Very Good condition hardback book and Very Good condition, clipped dustjacket. Clean and bright with a solid binding.
This is the autobiography of Professor Reginald Victor Jones (1911–1997) who was a British physicist and scientific military intelligence expert who played an important role in the defence of Britain in World War II.
In 1936 Jones took up the post at the Royal Aircraft Establishment, Farnborough, a part of the Air Ministry. Here he worked on the problems associated with defending Britain from an air attack.
When WWII began, he became MI6’s principal scientific adviser; keeping up his Air Ministry connection for cover. His responsibility was to anticipate the German applications of science to warfare so that Britain could counter their new weapons before they were used. His first important task was to discover how Luftwaffe pilots navigated when they overflew England by night, during the Battle of Britain and the Blitz. He unravelled the Lorenz beam navigation systems they were using, and was sometimes able to jam, sometimes to divert, their beams.
It was Jones who suggested the raid on the Bruneval radar site, in February 1942, to dismantle a German radar device and bring it back for inspection. It was Jones who played a leading part in discovering what the V-1 and the V-2 were, and how they might best be countered. Jones could not work usefully unless he was privy to every secret. He was cleared to receive messages from the ULTRA secret decipher service at Bletchley Park; he was cleared to read spies’ reports, as they were received, not in the laundered form in which they reached lesser intelligence officers; he knew a great deal about impending operations and he knew work was in progress on an atomic bomb. He was a large man, broad- shouldered and over six feet tall, with a strong voice when he cared to raise it. Moreover, he had a disconcerting habit of usually being in the right, as well as displaying admirable manners when he was in the wrong – as of course he sometimes was. Churchill is reported to have said ‘he did more to save us from disaster than many who are glittering with trinkets‘.

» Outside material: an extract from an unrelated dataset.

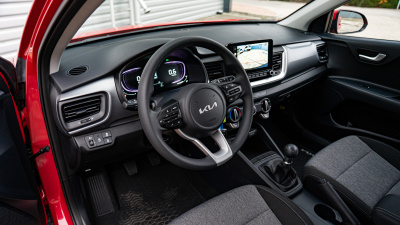 Kia Stonic 1.2 DPi Silver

This autobiography formed the basis, pre-publication, of the BBC One TV series “The Secret War”, first aired in January 1977 and narrated by William Woollard, in which Jones was the principal interviewee. The historian A. J. P. Taylor described ‘Most Secret War’ as “the most fascinating book on the Second World War that I have ever read” and since then it has acquired classic status being republished many times.
An important autobiography for any WWII library and a signed true first edition copy is particularly scarce and collectable.